Ask Rachel

Email Rachel at telegraph@durangotelegraph.com
Dear Rachel,
What does the “J” in Donald J. Trump stand for? It doesn’t seem to be out there anywhere on the inter- net and my friends and I are taking bets. I think it’s “Johnson,” for obvious reasons, but my friend thinks it’s more biblical, like “Jeremiah.” Who’s right? Or could it be that no one knows because he has no birth certificate?
– J is for Jagoff
Dear Jujyfruit,
Well, “J” would be a very short form of “Johnson”– rather fitting in this case. But what most people don’t know is that the former Republican presidential nominee grew up spiritually impoverished because he didn’t receive a middle name from his immigrant family. So he fashioned one for himself in an attempt to appear “presidential.” Possibly being unable to read, however, he stuck with an enigmatic single letter. This letter J is, in fact, one of his seven Horcruxes and must be destroyed by love and kindness.

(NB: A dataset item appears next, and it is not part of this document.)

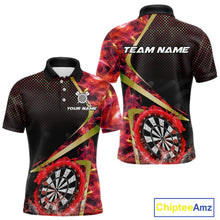 Load image into Gallery viewer, Custom Red Flames Dragon Dartboard Halftone Dart Men Polo Jerseys Gold Dart Team Shirt NYN1692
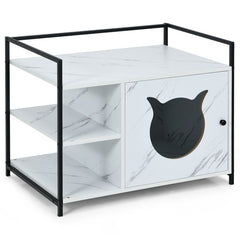 Enclosure Hidden Litter Furniture Cabinet with 2-Tier Storage Shelf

– Je t’embrasse tre?s fort, Rachel
Dear Rachel,
You’re equal parts wise and full of b-o-l-o-g-n-a. I think I have you pegged: that means you’re either an
attorney or a psychiatrist. Which is it? In either case, I’m desperate to know if you do pro bono work. The court is making my friend pay a bunch of fines, unless my friend seeks mental help. And all for a bunch of crap my friend didn’t do. I figured, I could send you a bunch of legal/psychological questions every week for my friend, you answer them in the paper, and we all win. What do you say?
– Sincerely, Asking for a Friend
Dear Amigo,
Whoa, nellie. Look. Tell your “friend” that I’m just a gal writing an advice column for the best damned paper in town. Start asking me all this legal, moral and ethical stuff, and I’ll actually have to be responsible. We can’t have that! Besides, then we’d have to run a disclaimer, which would take up a whole chunk of extra space, and to make enough room we’d have to let someone like Shan Wells go. Think of Shan, man. Think of those animalz attacking. And think about helping your “friend” get the help your “friend” re- ally needs. That’s the best advice this girl can give.
– My bologna has a first name, Rachel
Dear Rachel,
What happened to vitamins F-J? It just skips from E to K. Please explain.
– ABCDEKLMNOP
Dear Alphabet Sleuth,
Oh my God. In making up an answer for you, I just found out that the former Republican presidential nominee is both the sole source and the sole end-user of the world’s supply of Vitamin J. In fact, that’s why he chose it for his middle name! Side effects of this rare vitamin include fascism. (Historical side note: he threatened to register all the un-American vitamins F through I, so they moved in with Vitamin B and are now living in its basement.)